ハンセン指数の構成銘柄では、バイオ医薬品開発受託会社の薬明生物技術(2269/HK)が6.5%高、新興EV(電気自動車)メーカーの理想汽車(2015/HK)が4.6%高、中国ミネラルウォーター最大手の農夫山泉(9633/HK)が4.1%高と上げが目立った。
セクター別では、EV関連が高い。理想汽車のほか、蔚来集団(9866/HK)が3.5%、比亜迪(BYD:1211/HK)が3.4%、浙江零ホウ科技(9863/HK)が2.1%、小鵬汽車(9868/HK)が1.6%ずつ上昇した。中国の工業情報化部など関連8部門は12日、自動車業界の発展に向けた数値目標を発表。うち新エネルギー自動車(NEV)の販売台数について、約20%増の1500万台前後とする方針を明らかにしている。そのほか、広州市が自動車購入補助金の支給を決めたと報じられたこともプラスだ。新興EVの大幅上昇を受け、ハンセン科技(テック)指数は0.9%高と他の主要指数をアウトパフォームしている。
そのほか、リチウムや動力電池の関連銘柄も物色され、寧徳時代新能源科技(CATL:3750/HK)が7.4%高、江西カン鋒リ業集団(1772/HK)が2.5%高、中創新航科技(CALB:3931/HK)が2.4%高と値を上げた。
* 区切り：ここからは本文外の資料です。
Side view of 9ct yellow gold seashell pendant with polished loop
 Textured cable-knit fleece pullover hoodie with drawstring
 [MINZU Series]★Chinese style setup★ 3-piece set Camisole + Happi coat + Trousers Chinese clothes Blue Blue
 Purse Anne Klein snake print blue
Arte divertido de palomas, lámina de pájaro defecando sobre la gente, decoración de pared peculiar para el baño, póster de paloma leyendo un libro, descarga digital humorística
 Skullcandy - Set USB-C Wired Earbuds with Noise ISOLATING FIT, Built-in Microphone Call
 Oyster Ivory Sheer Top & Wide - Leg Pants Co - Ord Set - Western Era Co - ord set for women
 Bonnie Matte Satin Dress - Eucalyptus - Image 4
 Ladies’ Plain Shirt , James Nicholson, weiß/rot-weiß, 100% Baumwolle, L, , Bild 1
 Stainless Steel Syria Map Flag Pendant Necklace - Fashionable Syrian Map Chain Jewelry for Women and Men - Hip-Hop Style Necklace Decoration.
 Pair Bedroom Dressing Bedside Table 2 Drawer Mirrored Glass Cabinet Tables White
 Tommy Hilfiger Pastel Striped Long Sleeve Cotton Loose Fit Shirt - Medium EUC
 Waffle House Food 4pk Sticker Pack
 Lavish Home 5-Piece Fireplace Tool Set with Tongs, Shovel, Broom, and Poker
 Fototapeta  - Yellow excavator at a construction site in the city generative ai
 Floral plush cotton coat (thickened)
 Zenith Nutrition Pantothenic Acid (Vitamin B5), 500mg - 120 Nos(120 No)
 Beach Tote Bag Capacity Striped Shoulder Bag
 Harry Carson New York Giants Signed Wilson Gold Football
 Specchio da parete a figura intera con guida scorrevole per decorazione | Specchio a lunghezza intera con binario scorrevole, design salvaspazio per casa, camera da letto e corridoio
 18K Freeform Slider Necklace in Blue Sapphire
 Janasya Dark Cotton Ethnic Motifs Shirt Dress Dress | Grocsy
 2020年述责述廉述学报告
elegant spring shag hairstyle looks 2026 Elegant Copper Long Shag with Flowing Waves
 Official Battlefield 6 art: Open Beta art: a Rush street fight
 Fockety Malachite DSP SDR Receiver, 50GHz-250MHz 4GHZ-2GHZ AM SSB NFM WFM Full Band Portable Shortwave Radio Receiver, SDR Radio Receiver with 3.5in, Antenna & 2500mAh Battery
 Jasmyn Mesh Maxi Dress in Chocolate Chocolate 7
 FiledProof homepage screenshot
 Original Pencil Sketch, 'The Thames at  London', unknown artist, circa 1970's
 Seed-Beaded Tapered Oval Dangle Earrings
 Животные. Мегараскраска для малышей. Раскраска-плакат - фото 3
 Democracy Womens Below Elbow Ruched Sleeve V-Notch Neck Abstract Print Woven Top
医薬セクターもしっかり。薬明生物のほか、上海復星医薬集団(2196/HK)が5.6%高、山東新華製薬(719/HK)が4.2%高、永泰生物製薬(6978/HK)が3.2%高で引けた。
半面、中国の不動産セクターは安い。世茂集団HD(813/HK)が4.7%、碧桂園HD(2007/HK)が4.5%、合景泰富地産HD(1813/HK)が3.4%、融創中国HD(1918/HK)が3.2%ずつ下落した。
本土マーケットは続落。主要指標の上海総合指数は、前営業日比0.26%安の3860.50ポイントで取引を終了した。不動産が安い。金融、軍需産業、素材なども売られた。半面、自動車は高い。半導体、エネルギー、医薬も買われた。